Les gestionnaires de réseaux de distribution reconnaissent aussi qu’une part importante des données dont ils disposent ne sont pas immédiatement utilisables. C’est ainsi qu’il n’y a pas toujours de correspondance entre le libellé de l’adresse de consommation telle qu’elle apparaît dans la base de données des gestionnaires de réseaux et le domicile. De même, dans le bâti ancien en particulier, il n’est pas rare que les compteurs soient communs à plusieurs logements.

… et cher : qui va payer ?

Récemment entendu par la commission des Affaires sociales de la Chambre, l’Opérateur des réseaux gaz et électricité (Ores) a ainsi évalué à 40 % la part des données de consommation qui devraient faire l’objet d’une analyse complémentaire avant de pouvoir être éventuellement exploitées. Ce travail d’analyse complémentaire aura un coût important. Les gestionnaires de réseaux ont, dès à présent, annoncé qu’ils ne le prendraient pas à leur charge.
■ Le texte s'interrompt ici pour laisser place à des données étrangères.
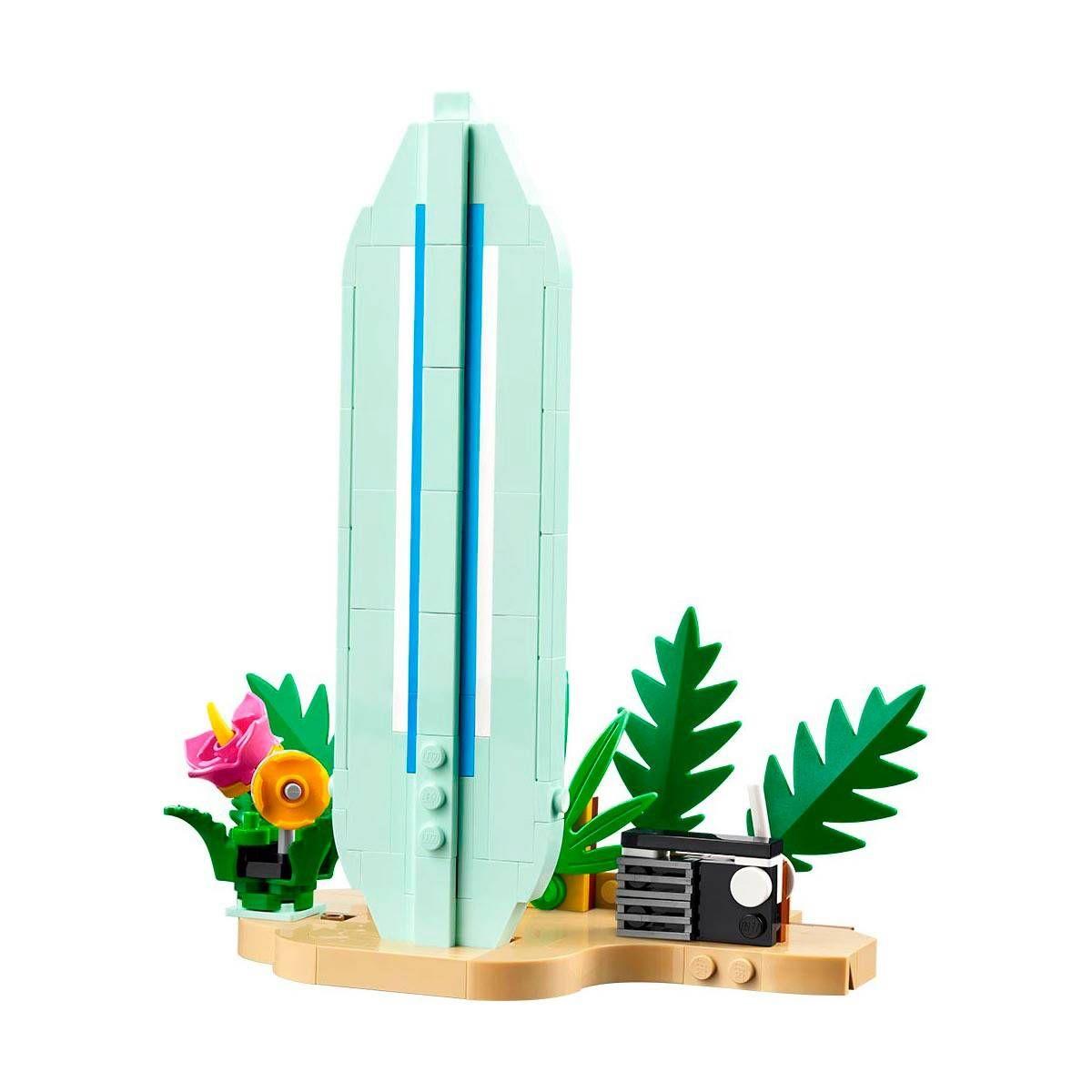 UKELELE TROPICAL LEGO CREATOR-2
En pratique, soit l’Etat fédéral en assurera le financement (ce qui en l’état actuel du projet n’est pas prévu), soit les gestionnaires de réseaux le répercuteront dans le prix de l’énergie. Si la première solution est choisie, la rentabilité du projet deviendra probablement assez aléatoire : il n’est pas certain du tout que les coûts du profilage n’excéderont pas la réduction de la fraude qui pourrait en résulter. Dans le second cas, on peut se demander s’il est raisonnable de faire supporter par tous les consommateurs, les coûts d’un projet dont l’efficacité est incertaine. Après la hausse de la TVA sur l’électricité et certaines mesures régionales en gestation tendant vers une augmentation supplémentaire de son prix, il y a fort à parier que les consommateurs n’apprécieront pas cette nouvelle hausse.

Une classe dangereuse

Enfin, dans la mesure où la collecte des données de consommation sera systématique, elle mettra potentiellement à jour des domiciliations fictives motivées par des préoccupations fiscales. En l’état actuel, il n’est pas prévu de transmettre les écarts de consommation au SPF Finances. Cette différence de traitement interpelle. Comment comprendre qu’il soit fait usage des données révélant une fraude au domicile dans le cas des assurés sociaux mais pas dans le cas des fraudeurs fiscaux ?

Le projet paraît renouer avec l’idée que les assurés sociaux forment une classe dangereuse qu’il faut contrôler car certains d’entre eux menaceraient la solidarité qui est l’un des fondements de la sécurité sociale. L’atteinte à la solidarité serait-elle plus admissible en cas de fraude fiscale ?


(1) Les auteurs enseignent le droit de la sécurité sociale.

(2) Avis de la Commission de la protection de la vie privée n°5/2016 du 3 février 2016.

(3) La Commission de la protection de la vie privée a expressément attiré l’attention sur ces questions dans son premier avis du 17 juin 2015.